July 24, 2005

Classical music reviews

Seems like any time you read a classical music review, it’s a review of a performance or a recording rather than a review of a work. There are huge reference books out there that look like they’re going to be the classical music equivalent of those big video guides, but they’re not; they’re actually just guides to recordings. They don’t say whether or not the music itself is any good (or else they just say the standard worthless stuff about how transcendently wonderful it is). There are also lots of “comments about some classical works” appreciation-style books, but they aren’t review-y in the “two-and-a-half-stars” sense. Generally the implication is that every work mentioned is fundamentally worth your while.

One of my many fantasy web resource ideas is: IMDB-ish sites for every major artform – literature, drama, music, poetry, etc. Every work would have stats and pictures and links to related works, and, most importantly, posted reviews by readers. Amazon sort of offers this kind of thing, but it’s specific to editions and releases rather than to works themselves, which means it’s not quite the proper resource for finding out whether, say, Britten’s piano concerto is any good. Allmusic is pretty impressive as a database, but it doesn’t really offer work reviews per se.

It seems clear to me that the general public indifference to high art is in great part the result of the snobbish taboo on talking about “good” and “bad.” I think it would be a really valuable service to audiences and to the arts themselves for there to be resources presenting stuff like “this piece takes itself too seriously and it goes on too long,” and “this painting is really pretty” as valid responses. People may disagree over how many stars a movie deserves, but the whole notion of “how many stars?” doesn’t generally get challenged. I think that’s a reflection of how comfortable we all are with the idea that we go to the movies to satisfy ourselves, and that some movies satisfy us more than others. Not so with the high arts. People might still believe that some paintings are better than others, but “better” usually just means “more refined” in some vague way and is hard to differentiate from “more important.” Generally I think that outside the context of an explicit historical thesis, the idea of certain works being “important” is dangerously close to pure pretension.

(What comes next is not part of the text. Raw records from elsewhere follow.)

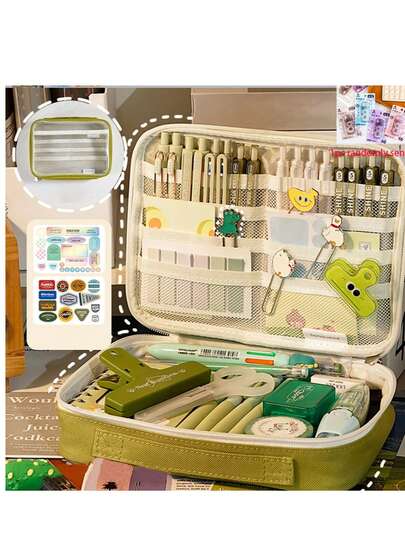 1pc Large Capacity Pencil Case, Portable Pencil Box, Stationery Organizer Pencil Storage Bag, Convenient Pencil Holder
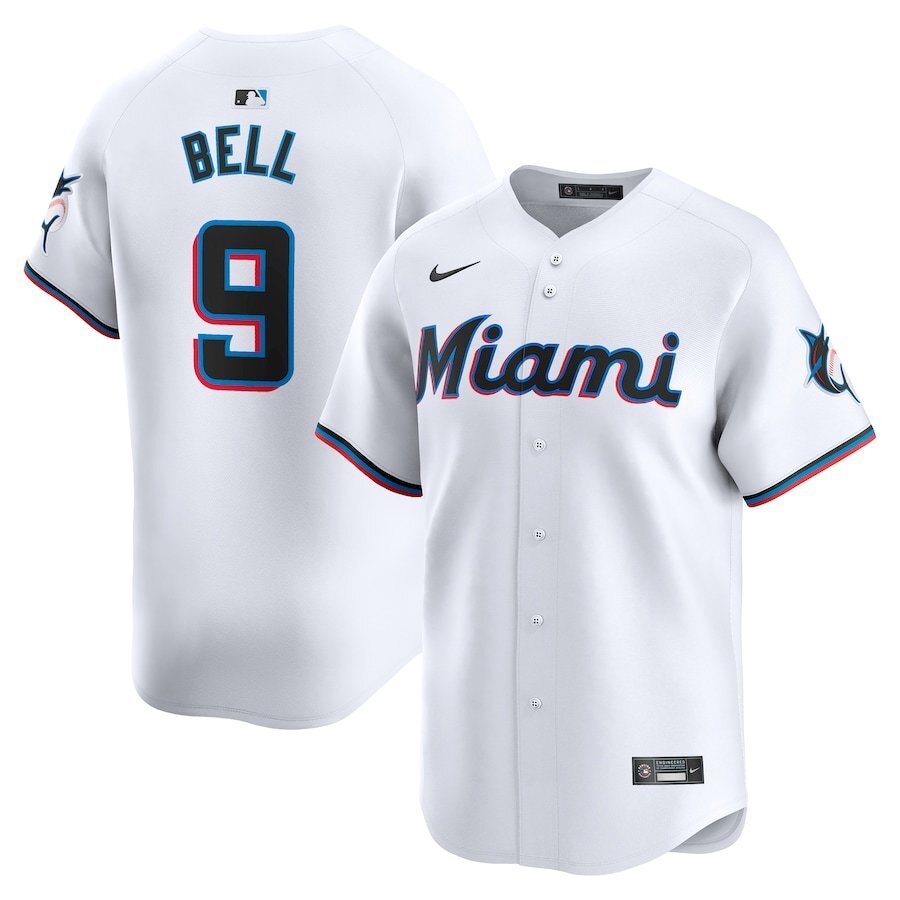 Miami Marlins #9 Josh Bell Home Limited Player Jersey - White Style 2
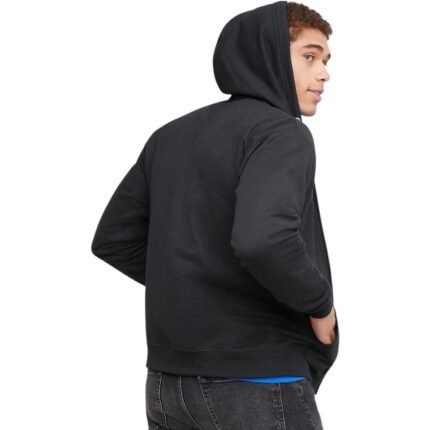Unisex Full Zip-up Black Hoodie - Back look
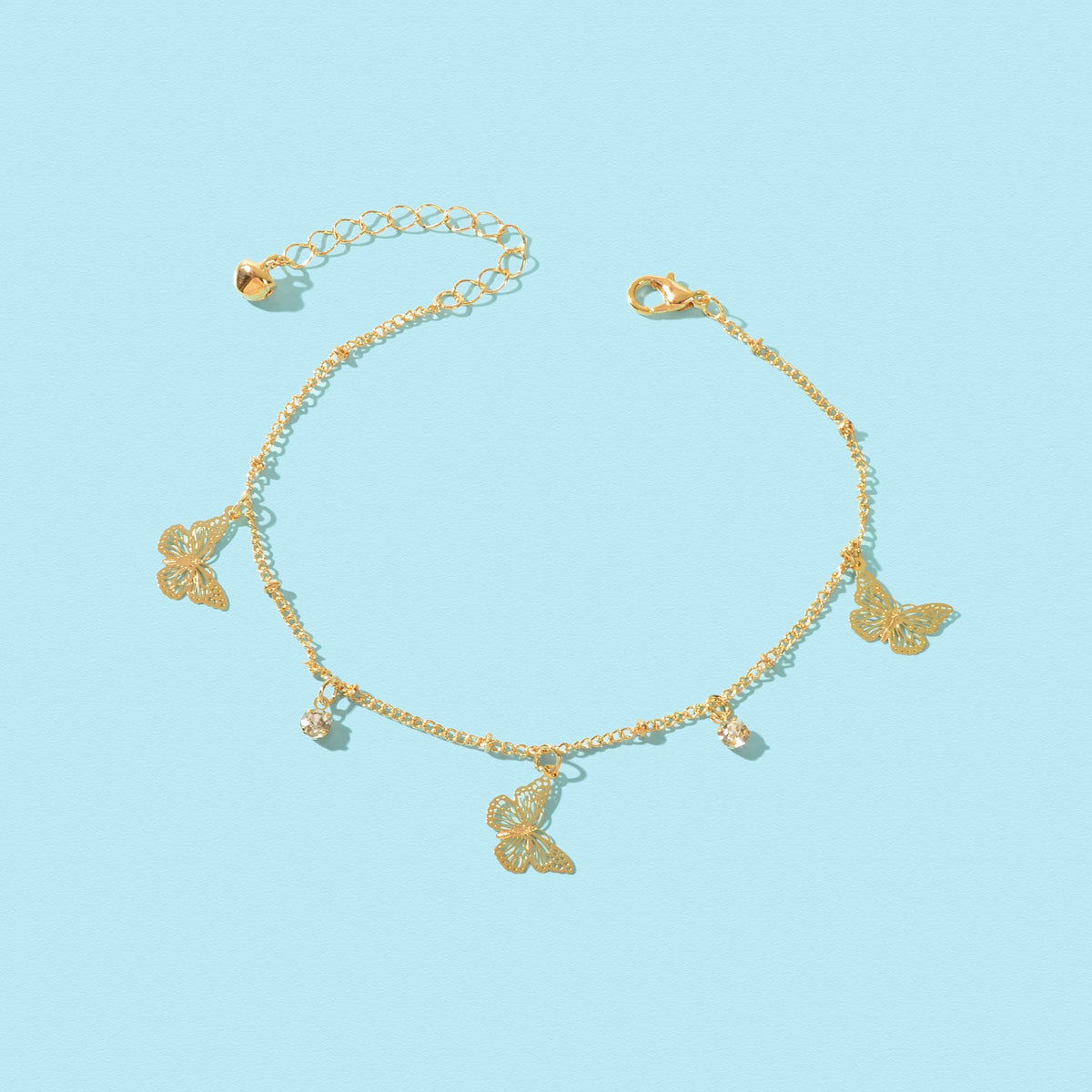 Gold Silver Chain Rhinestone Butterfly Charm Anklet Summer Beach Foot Jewellery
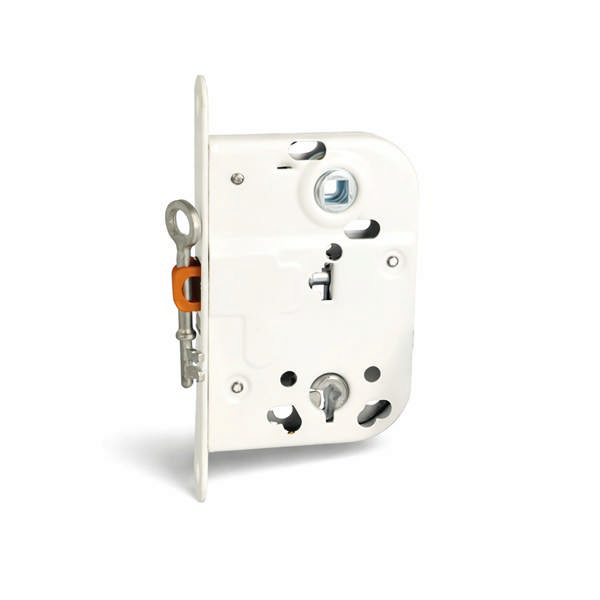 Door lock 2014, 45mm Backset, W/Key, White Painted,W/Striker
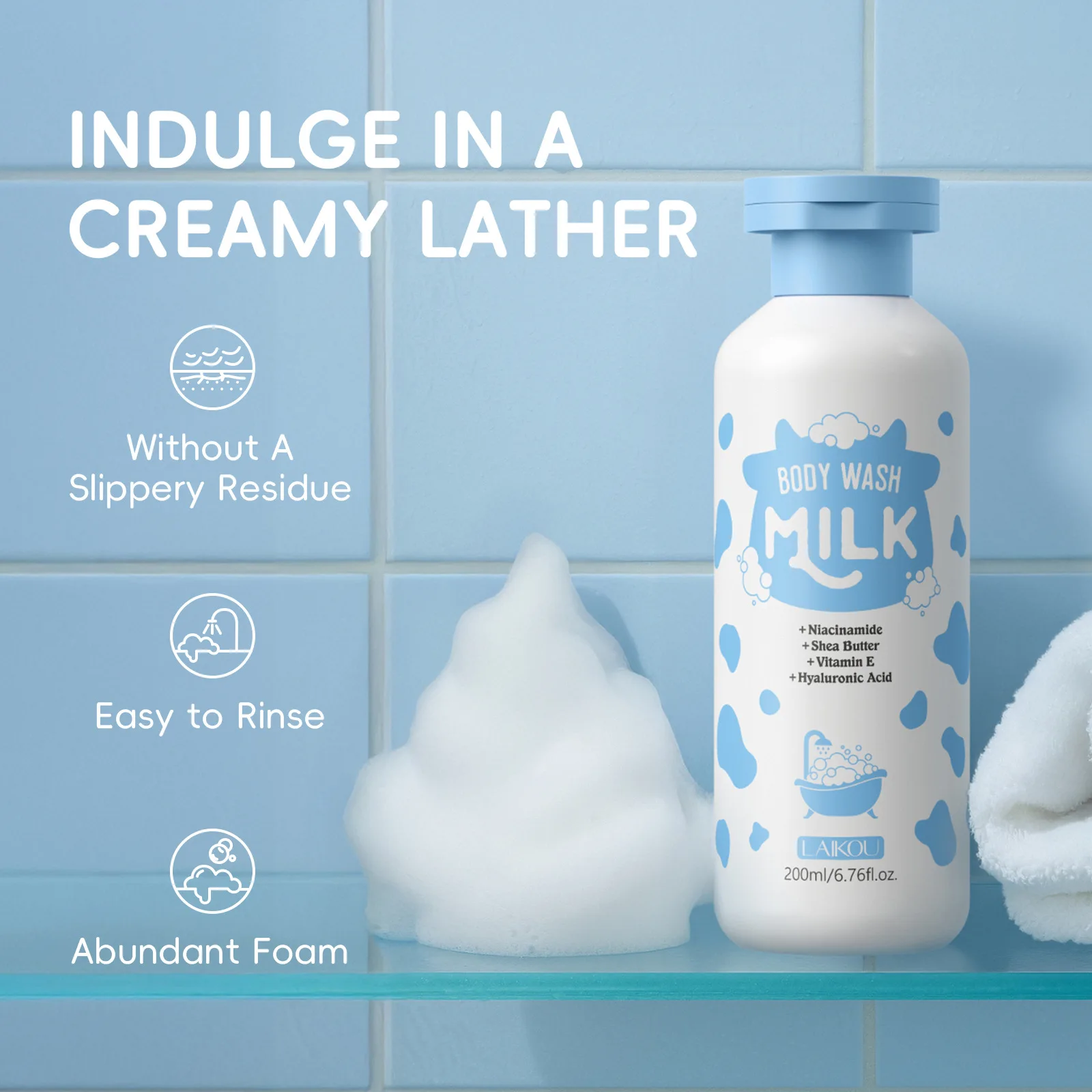 LAIKOU Milk Moisturizing Shower Gel 200ml Hydrating Moisturizing Soft Skin Cleansing Oil Control Shower Gel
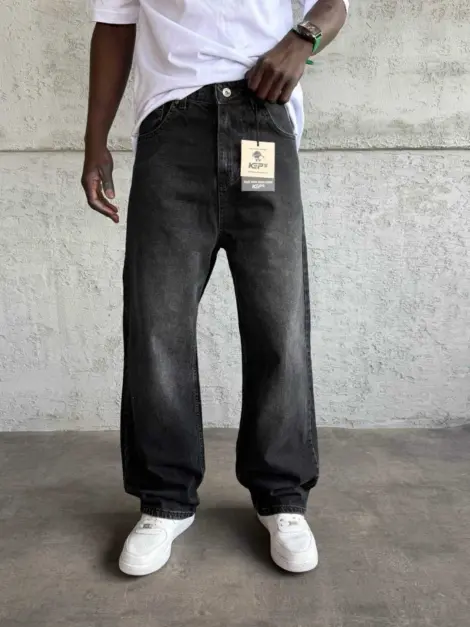 Jean uni noir Homme baggy fit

Or else it’s the equivalent of saying that celebrities are more “important” than one’s friends.

Actually, my gut reaction is that it would be vulgar and pandering (and/or merely frivolous) to rate paintings with a “how many stars?” system, but I think that reaction on my part is just a symptom of how severe the problem is. Don’t we look at paintings for satisfaction? How is that satisfaction different from what we want out of movies?

Of course, going to a museum does offer another kind of satisfaction: the satisfaction of seeing oneself being so cultured as to be at a museum. That’s a pass-fail sort of satisfaction; I tend to feel that the reason we’ve abandoned the “how many stars?” attitude is because we’ve abandoned the hope of being satisfied by the works themselves. We just want to know that we did something classy. Status satisfaction rather than aesthetic satisfaction.

Classical music is dead to most people today because they can only imagine it offering status satisfaction — something in the manner of Mme. Verdurin, the status satisfaction of professing to be ridiculously overwhelmed by ridiculously overwhelming greatness — and most people today don’t put a high premium on that sort of status satisfaction. The status games played in contemporary music culture are about authenticity and persona. People aren’t into saying how sensitive to the music they are; they’re into saying how much they identify with it. It’s about demonstrating what you’re like rather than how good you are.

You could take this further and say that that’s in fact related to fundamental changes in the art itself, but I’d like to think the fundamentals of aesthetic satisfaction don’t actually change all that much. I think the social roles of the arts change, and certain types of art obviously serve better in different social cultures. But if you can find a way to forget about status and pretense, I think the pleasures of music are pretty much the same ones they’ve always been. Of course, people don’t generally like to forget about status and pretense (they certainly didn’t in Mozart’s time either). I suppose one could worry that “aesthetic pleasure” is doomed to be the recreation of a few antisocial types. But that idea doesn’t really hold water – obviously, people take real aesthetic pleasure in things all the time. Like, for example, movies. People really genuinely love movies, even though they have to watch them in the dark, where it’s hard to demonstrate status. I think the “how many stars?” system is proof of the sincerity. So it’s possible, and that’s why I hold out hope for the other arts as well.

Also, I don’t really see any reason why classical music can’t be repackaged to offer superficial identity-demonstrating rewards as well. It has just as much surface variety as contemporary rock – more, in fact. “Yeah, man, I’m all about Bartók. Mozart is for fags.” Hopeless classical music nerds already do this sort of thing, and the difference between “nerdy” and “acceptable” is just the slightest shift in standards. You’ll notice that pretty much everyone knows who Gollum is, these days. I guess that took many millions of dollars to pull off, but they did indeed pull it off. Way to go, guys!